Hmm, that's a great question. The k-th strong product has applications to information theory, see: en.wikipedia.org/wiki/Shannon_capacity_of_a_graph. A communications channel can be represented by a (confusion) graph whose vertices are the elements of your alphabet, adjacent when they can be confused for each other. Independent sets are codewords that cannot be confused for each other, and k-th product powers and limits of product powers come into the definition of Shannon capacity.

@@VitalSine Thank you for the response. If a unweighted undirected graph G is given as an adjacency matrix A, then B=A^k ( boolean matrix multiplication performed k times over A) has 1 for B[u][v], if there is a path of length at most k , between u and v. Is there something similar to infer from this kth strong product or cartesian product or tensor product?
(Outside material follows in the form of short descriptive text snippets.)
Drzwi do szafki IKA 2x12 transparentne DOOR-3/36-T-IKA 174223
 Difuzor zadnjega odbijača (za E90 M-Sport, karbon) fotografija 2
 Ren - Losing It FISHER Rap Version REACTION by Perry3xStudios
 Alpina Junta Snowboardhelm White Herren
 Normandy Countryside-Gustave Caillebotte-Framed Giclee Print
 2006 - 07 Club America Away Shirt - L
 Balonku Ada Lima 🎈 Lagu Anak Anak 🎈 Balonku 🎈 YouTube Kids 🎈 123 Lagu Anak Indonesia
​@@jvarunkumar Yes, there is a similar insight from kth strong product in the information theory example. The independence number of the kth strong product, is the maximum number of codewords of length k formed from your alphabet (vertices in the initial graph) that you can use without confusion. This is all using the interpretation of a vertex in the k-th strong product as a codeword of length k from the alphabet = vertices of the initial graph. Good question for cartesian/tensor products. Nothing comes to mind right now regarding applications of the k-th product power for cartesian/tensor products, but I'm sure there could be applications similar to the Shannon capacity example for strong products. Something to think about is that k-th product powers are about relating tuples of vertices to each other, so if you have some objects (ex. an alphabet of symbols), some way those objects are related together (ex. symbols that can be confused for each other are "related") and a way of "concatenating" those objects (ex. concatenation of symbols to form codewords), then a k-th product power could make sense in that application for describing how concatenations relate to each other (ex. how codewords of length > 1 can be confused with each other). The strong product adjacency rules encode the way that length-k codewords being confused for each other works (sharing some symbols in the same positions and having the rest of the positions with symbols different but confusable with each other). Cartesian/tensor product don't encode that, instead the Cartesian product encodes: (one position has symbols confusable with each other, the rest of the positions have the same symbols) , and Tensor product encodes (all positions have symbols different but confusable with each other).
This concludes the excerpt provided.